Il contatto con lo spettatore è dunque mutato: la donna è consumata dall’isteria e dall’angoscia, e i suoi occhi sono lontani, irraggiungibili.

La donna di Gustav Klimt

La speranza in un ritorno di quell’antico regime delle madri, collettivista e in perfetta sintonia con la Natura, rappresenta una costante nella donna di Klimt, simbolo di assoluta superiorità: essa è infatti ammantata di oro, elemento con cui il pittore “vuole trasfigurare la realtà e fissare l’immagine in un’eterna sublime trascendenza, congelandola nella distanza e nella perfezione del metallo”.

Tuttavia questa speranza si colora di minaccia: in questa immobile età dell’oro l’uomo è raro e mai protagonista. In Adamo ed Eva (1917-1918, incompiuto), in cui la donna sfoggia forme abbondanti distaccandosi dai tipici corpi filiformi e allungati, il personaggio maschile è chiaramente in secondo piano, spento ed in ombra, quasi appartenga ad un altro quadro.

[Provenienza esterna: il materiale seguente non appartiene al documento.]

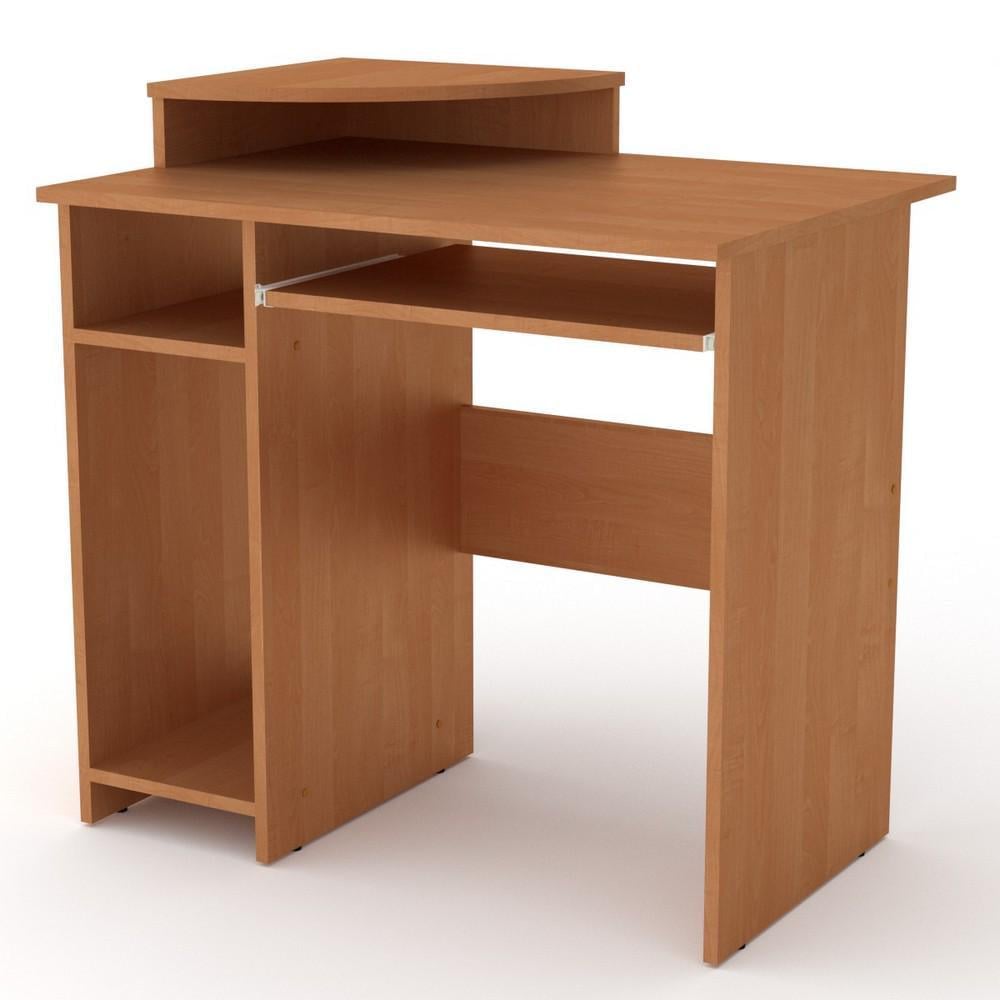 Стол компьютерный Компанит СКМ-1 Ольха Стол компьютерный Компанит СКМ-1 Ольха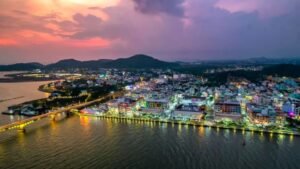Vietravel Airlines Kien Giang Office in Vietnam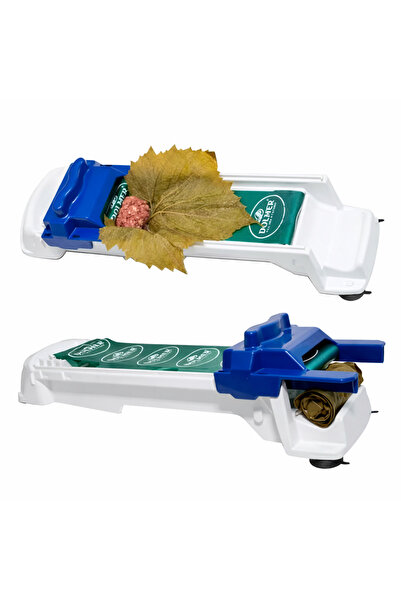 Generic Manual Grape Leaf Rolling Machine 2 Pieces Fast and Even Rolling Easy...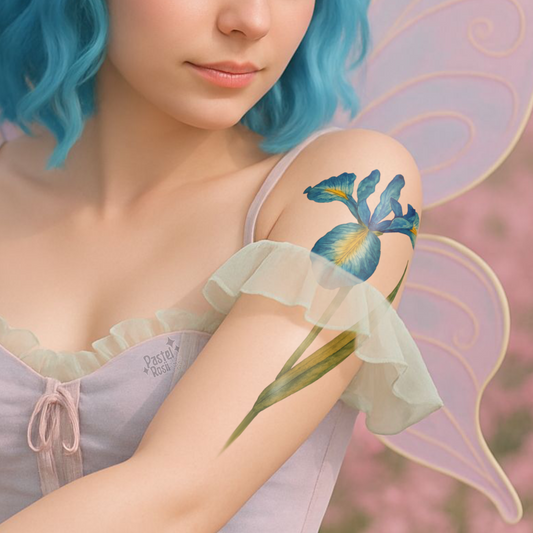 Blushwater | Temporary Tattoo
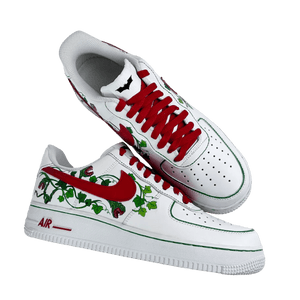 AF1 x Poison Ivy - Sneak Peek Shoes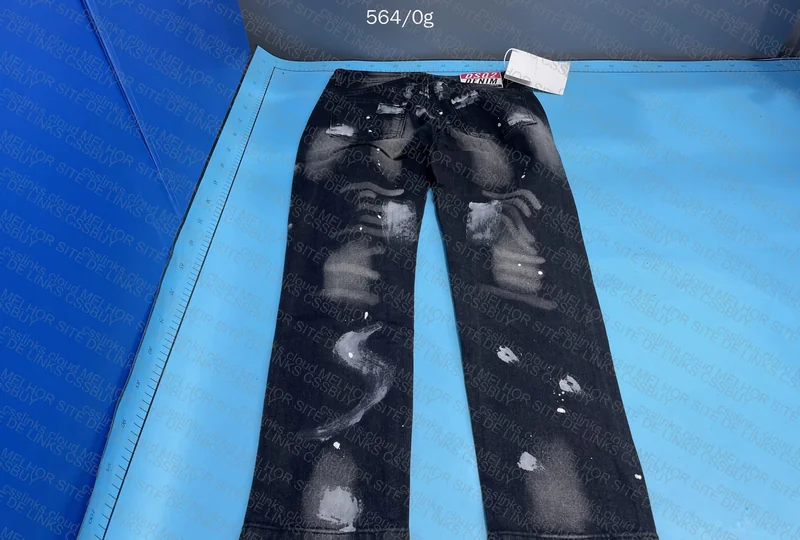 Black Slim Pants 4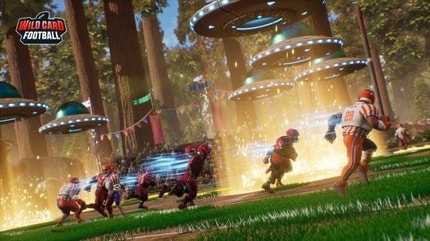 Abbildung Football für alle!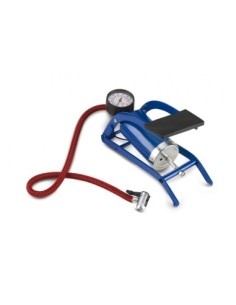 Bottari Foot Pump with Pressure Gauge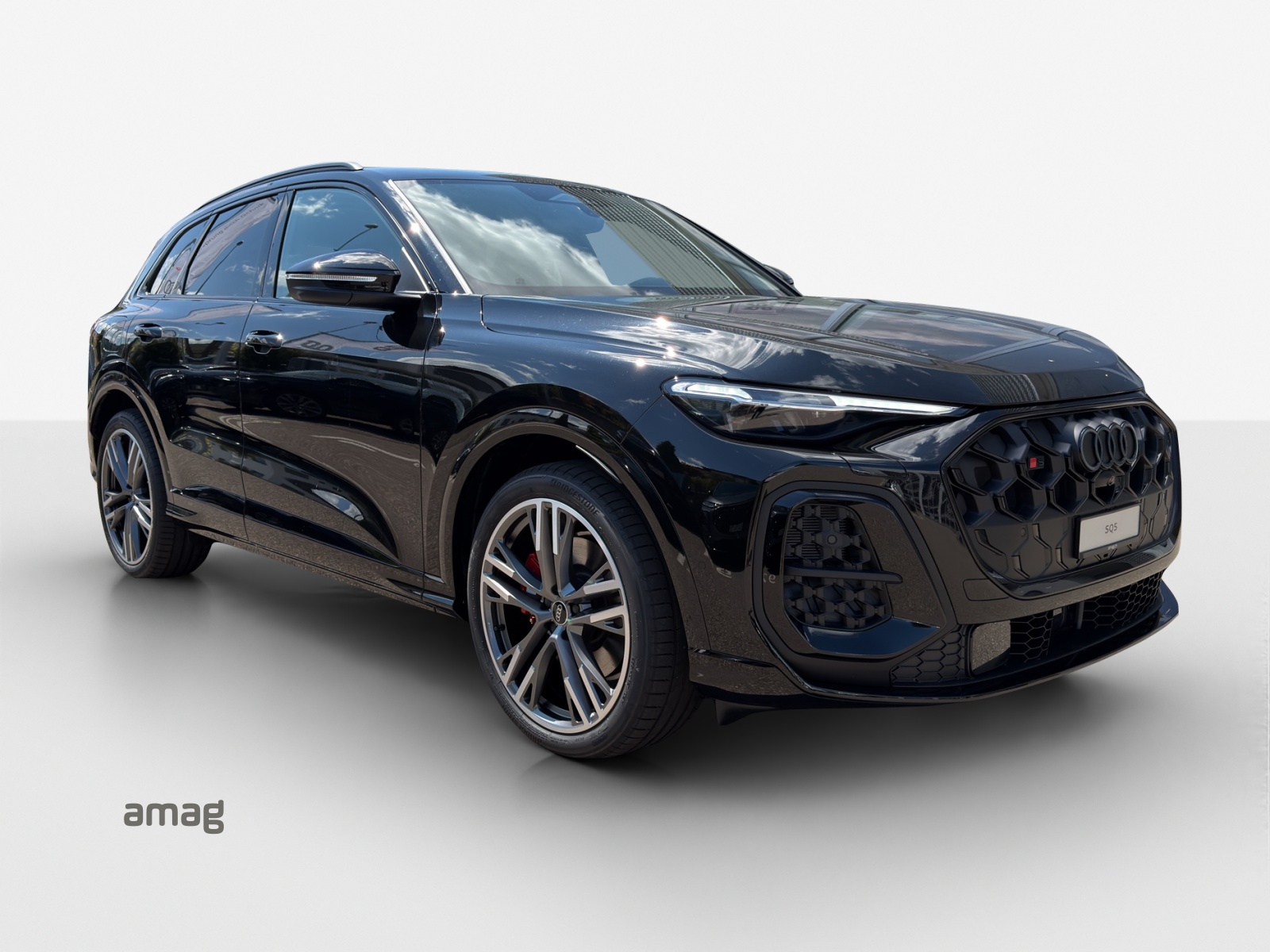 AUDI SQ5 TFSI quattro S-tronic-image-5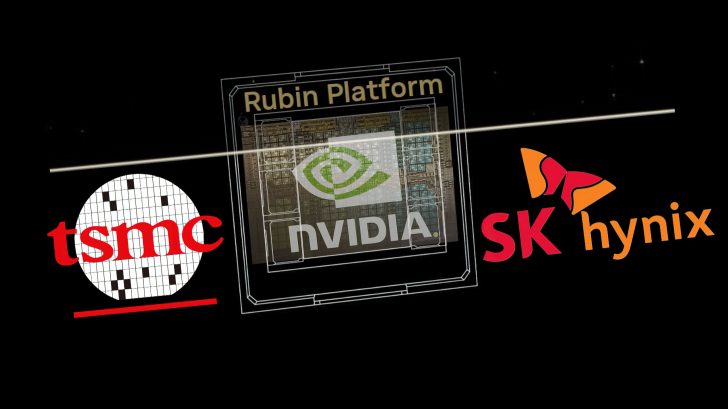 SK Hynix Initiates Supply of Next-Gen HBM4 To NVIDIA For NVIDIA Rubin AI GPUs; Once Again Dominates the HBM Market, Defeating Micron & Samsung 1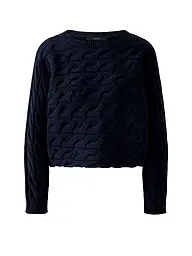 OUÍ | Pullover SIRAH | Azul oscuro
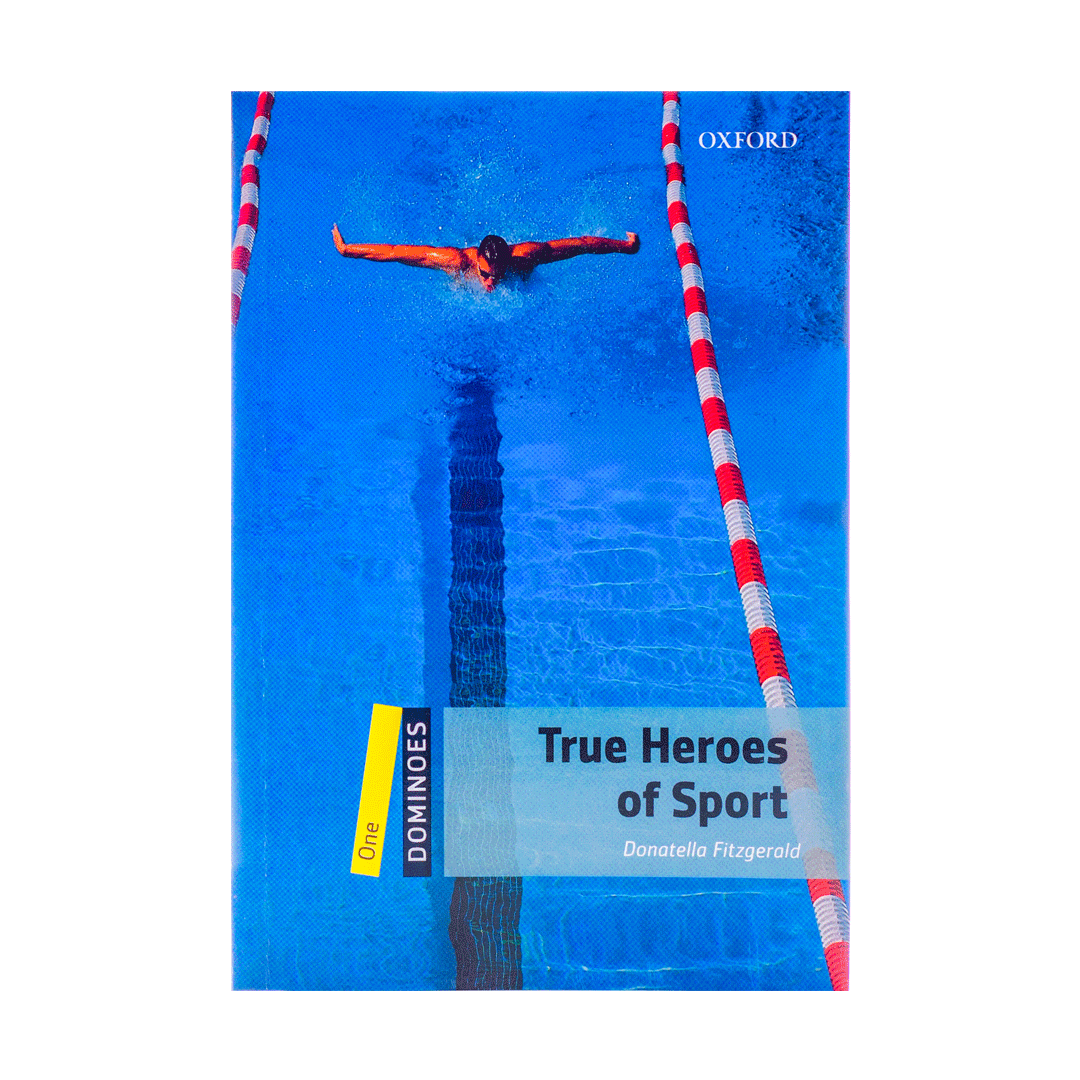 New Dominoes 1: True Heroes of Sport+CD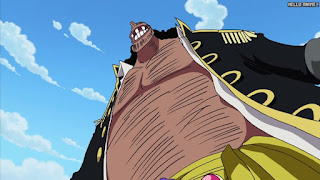 ワンピース アニメ バナロ島の決闘 325話 黒ひげ Marshall D. Teach | ONE PIECE Episode 325 Duel on Banaro Island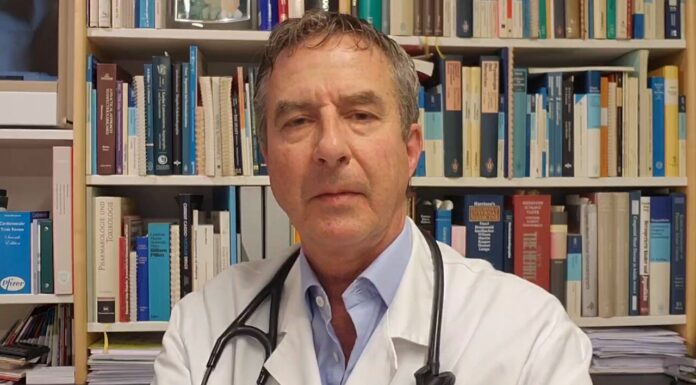 VIDEO: Priznani kardiolog pošilja ljudem pomembno sporočilo in svarilo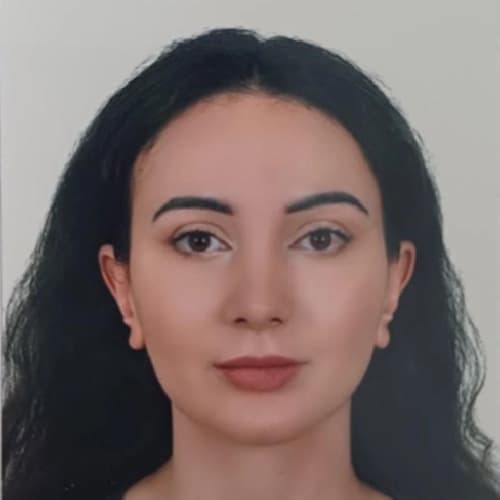 Dt. Melis İşyapan Profil Fotoğrafı
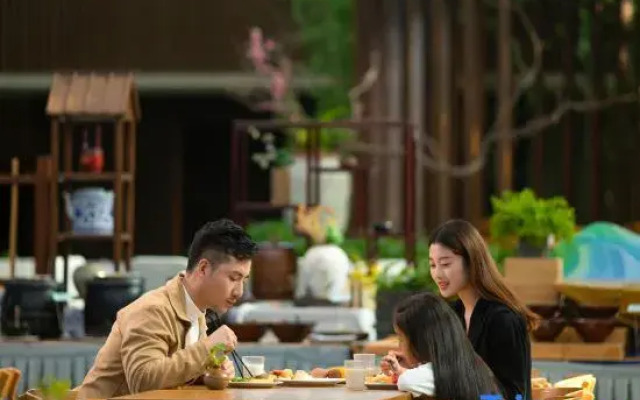 Nianhua Inn Wuxi Nianhuawan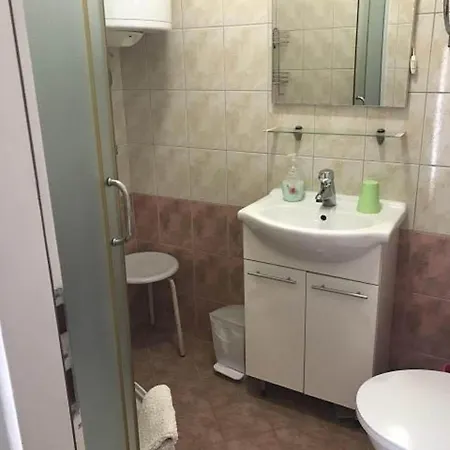 Stefanija - Two Bedroom Daire
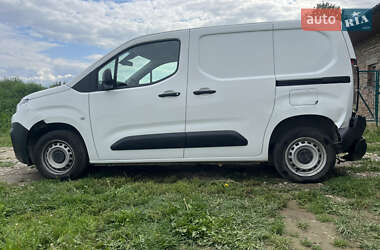 Вантажний фургон Citroen Berlingo 2020 в Надвірній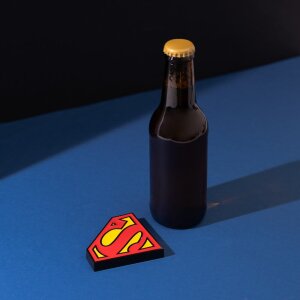 DC Comics Magnet mit Flaschenöffner Superman 9 cm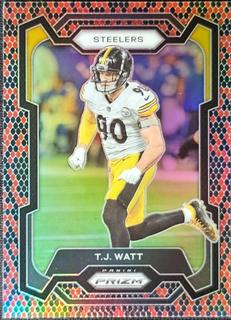 T. J. Watt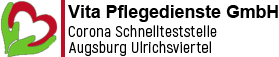 Vita Pflegedienste Logo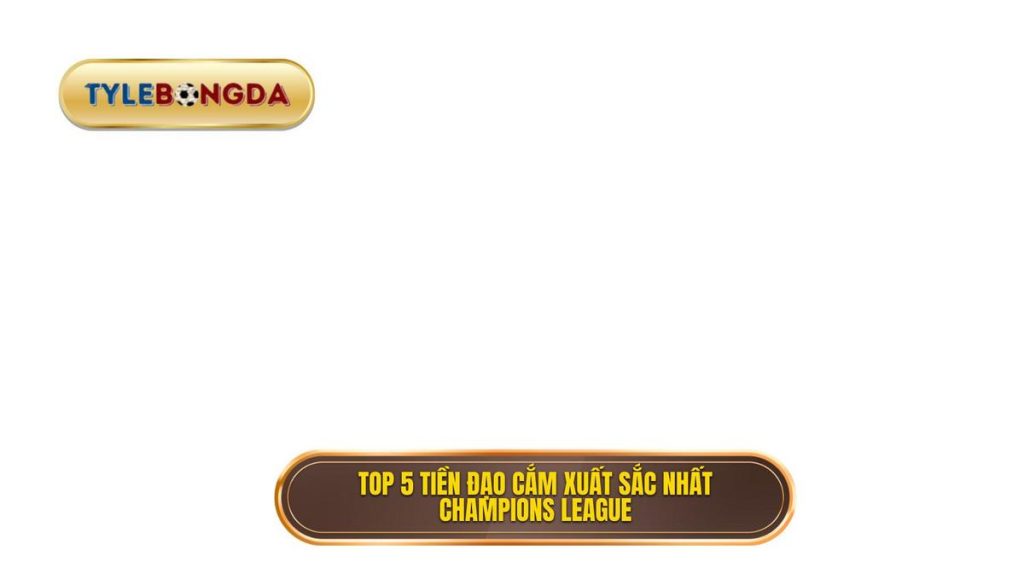 Top 5 Tiền Đạo Cắm Xuất Sắc Nhất Champions League: Phân Tích Chuyên Sâu 1 Top 5 tiền đạo cắm xuất sắc nhất Champions League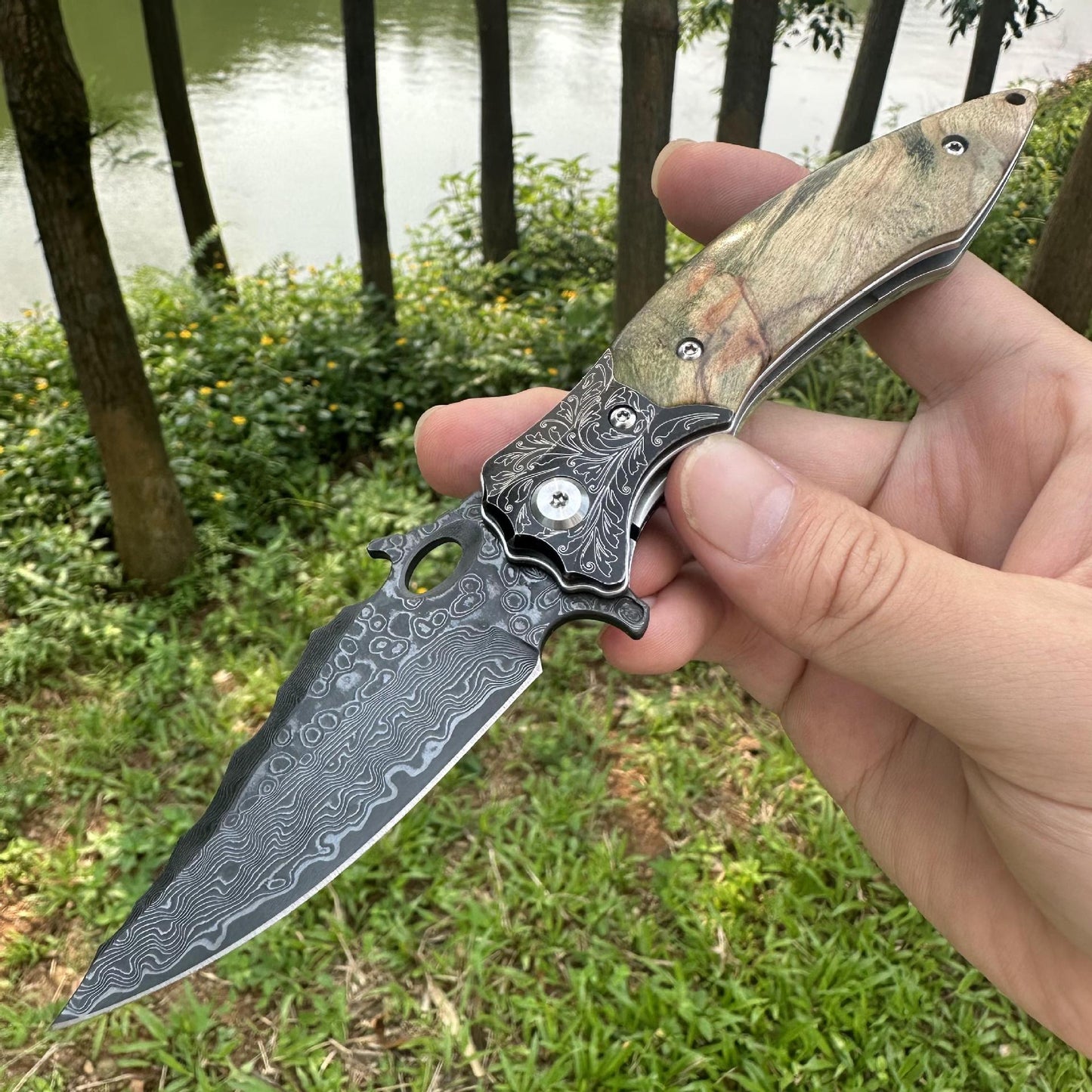 KELLY - VG10 EDC KASUMI™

L’intero spazio è “devastato” dalla luminosità e grandezza dell’essere femminile, vivo e solo nell’universo.

La ginolatria klimtiana ha tante altre espressioni.

Il dipinto La speranza I (1903) segnala il doppio volto della maternità e allo stesso tempo la duplicità della psiche, dove l’affetto amorevole e delicato possiede anche un lato distruttivo.

Ed è così che la donna è accostata ad una creatura mostruosa, un drago che, nella psicologia di Jung, simboleggia la madre che divora i suoi figli.

Madre con figli

D’altro canto, la valenza positiva della maternità è evidenziata in un dipinto spoglio, Madre con figli (1909-1910), in cui i bambini sembrano emergere dalle profondità uterine di questo mantello scuro, quasi a rappresentare un grembo di terra. I “segni” ossessivi della maternità si ripropongono anche in due colori, quasi sempre presenti, sia nelle decorazioni sia nei chiaroscuri sui volti pallidi.

Si tratta del rosso e dell’azzurro: il primo rimanda al sangue, mentre il secondo all’acqua, entrambe collegati alla nascita.

Proprio in questo elemento naturale sembrano abbandonarsi altre donne klimtiane, ora fluttuanti, ora avvolte in abbracci metafisici. Le maliose creature si lasciano trasportare dalla Natura, suggerendo ancora una volta la seduzione e l’inaccessibilità di un erotismo solitario e supremo. Ancora una volta l’uomo è “l’escluso”, l’elemento che disturba: un dettaglio angoloso e dissonante nell’armonia curvilinea dei movimenti femminili.